What I have learned and will try to share with you is that the key to anyone's heart is to respect them, to communicate well with them and to enjoy their company. Really though, the word key is wrong because it makes it sound like if you do those things...you'll "unlock" the other person but that isn't necessarily the case. The other person has to factor into it and as someone else said...its terrible to want to love someone and have them unable to respond for whatever reason.

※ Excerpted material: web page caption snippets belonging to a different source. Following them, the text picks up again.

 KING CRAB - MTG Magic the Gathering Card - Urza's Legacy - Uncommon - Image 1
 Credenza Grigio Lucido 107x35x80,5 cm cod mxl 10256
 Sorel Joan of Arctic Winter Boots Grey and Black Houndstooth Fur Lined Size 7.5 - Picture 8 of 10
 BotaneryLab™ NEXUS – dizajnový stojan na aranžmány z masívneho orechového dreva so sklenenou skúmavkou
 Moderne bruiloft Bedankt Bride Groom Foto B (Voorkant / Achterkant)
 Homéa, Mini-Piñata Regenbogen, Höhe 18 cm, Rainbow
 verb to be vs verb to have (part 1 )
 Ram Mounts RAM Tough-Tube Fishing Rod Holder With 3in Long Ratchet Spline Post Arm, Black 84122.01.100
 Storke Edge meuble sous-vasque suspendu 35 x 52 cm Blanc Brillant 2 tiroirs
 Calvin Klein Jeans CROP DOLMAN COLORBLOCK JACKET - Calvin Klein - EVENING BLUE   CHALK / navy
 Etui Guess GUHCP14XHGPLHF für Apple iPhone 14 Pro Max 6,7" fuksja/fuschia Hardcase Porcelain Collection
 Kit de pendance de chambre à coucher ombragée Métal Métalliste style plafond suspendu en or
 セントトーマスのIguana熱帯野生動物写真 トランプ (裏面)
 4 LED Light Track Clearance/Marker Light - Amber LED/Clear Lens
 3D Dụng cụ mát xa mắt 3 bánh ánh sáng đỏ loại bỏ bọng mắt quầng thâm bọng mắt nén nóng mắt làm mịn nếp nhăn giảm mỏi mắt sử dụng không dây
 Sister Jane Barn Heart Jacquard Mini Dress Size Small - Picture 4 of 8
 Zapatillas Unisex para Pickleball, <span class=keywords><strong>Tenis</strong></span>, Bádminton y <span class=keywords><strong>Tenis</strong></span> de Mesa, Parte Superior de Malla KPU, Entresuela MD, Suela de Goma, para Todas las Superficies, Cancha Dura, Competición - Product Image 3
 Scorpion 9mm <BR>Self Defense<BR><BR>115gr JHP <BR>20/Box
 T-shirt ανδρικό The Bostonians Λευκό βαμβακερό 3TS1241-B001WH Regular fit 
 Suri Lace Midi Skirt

I would suggest that you talk to the woman and really find out where she is at and explaining yourself without being too over the top. Then depending on her response you go from there. If space is what she needs then give it to her. She has to be able to answer her own questions about you, herself, her other relationship, etc. If you are a nice guy like me, that may mean that you make the mistake of trying to answer the questions for her and thus push her away despite your good intentions. I would say talk to her when she calls, make sure to have a good time with her when you guys hang out but leave it at that. Don't be calling her or doing anything spectacular for her to try and pursue her love or anything like that. Then hope and pray she comes around if thats what she decides she wants.

I'm a nice guy who has been burned too many times by making all the nice guy "mistakes." I still make too many of them. I'm by no means a success but I think I might finally be starting to get closer.
 
discothequeLP said:

her mother was 19 when she was born. that's what i want to keep her from.

Why are you the man who can keep her from early pregnancy?


discothequeLP said:
and i tried being a great, great guy, answering all her calls and giving her all of my attention, and that obvoiusly didn't work.

You said you think you don't like her as much as you thought you did. Hmm, being a "great guy" didn't work, now not responding to her didn't work. Isn't it time to leave her alone? Hasn't she let you know that she's not ready for what you think you can give her?
 
martha said:

You said you think you don't like her as much as you thought you did. Hmm, being a "great guy" didn't work, now not responding to her didn't work. Isn't it time to leave her alone? Hasn't she let you know that she's not ready for what you think you can give her?



doesn't not responding to her = leaving her alone? :eyebrow:
 
discothequeLP said:




doesn't not responding to her = leaving her alone? :eyebrow:

No. Not responding is trying to get the upper hand, trying to control things.

Leaving her alone is leaving her alone; not trying to save her from anyone or anything; deciding that since you don't like her, you should stop trying to win her back; not playing weird games about responding to her.